Rocket Pro Launches Dscr Product In Response To ‘market Shift’
Rocket Pro announced Tuesday that it is offering a Debt Service Coverage Ratio (DSCR) product, which will enable its partners and clients to qualify for a loan on an investment property based on the income the property is expected to generate, rather than their personal income.
Cory Scholl, Rocket Pro’s EVP of sales, said that the new offering was prompted by partner demand. “One of [our partners’] biggest asks was bringing DSCR to Rocket Pro, and to not just have that product, but for it to be coupled with our pricing consistency, our speed and the certainty that they expect over here,” he said during an interview with HousingWire.
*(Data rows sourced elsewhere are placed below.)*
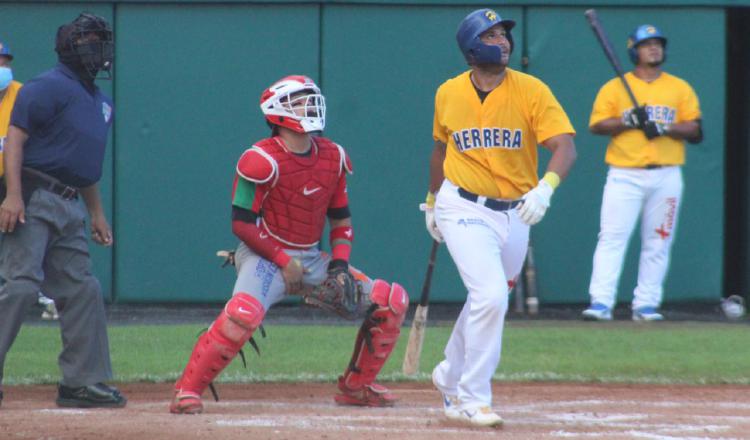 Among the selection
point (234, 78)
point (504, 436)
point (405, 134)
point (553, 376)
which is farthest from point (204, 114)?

Scholl said that the launch also echoes Rocket Pro’s partner promises, which it unveiled at Rocket Pro Experience (RPX) at the end of September. “I would say the new product offering specifically resonates with promise number five: helping everyone home means everyone…We can open up more markets for our partners, talking with investors out there, and start really helping everyone home.”
Scholl described a “market shift” over the last few years that has generated more interest in DSCR. The new product allows purchase, rate-term refinances, and cash-out refinances with a max loan amount of $3 million for the first two and $2.5 million for a cash-out.
Scholl said that the product is not for first-time real estate investors as Rocket Pro requires a history of rental income or property management experience of at least one year.
Rocket Pro’s secondary market strategy for the DSCR product involves not holding servicing for loans, Scholl and a Rocket spokesperson confirmed.
The DSCR product launch builds on other recent announcements from the Detroit-based lender. Also announced at RPX was Rocket Pro Navigate, an AI platform dubbed a “ChatGPT built exclusively for loan officers” that provides sales coaching, lead discovery, document analysis and client communications.
“Once our partners couple Rocket Pro Navigate with DSCR, they’re going to have a great one-two punch to end 2025 on a high note, and roll into 2026,” Scholl said. “During just the first 30 days in Navigate, our partners just went full on with it, especially with our lead scanner, and they saw a 65% increase month over month in production when the wider industry was at best flat month-over-month in October compared to September.”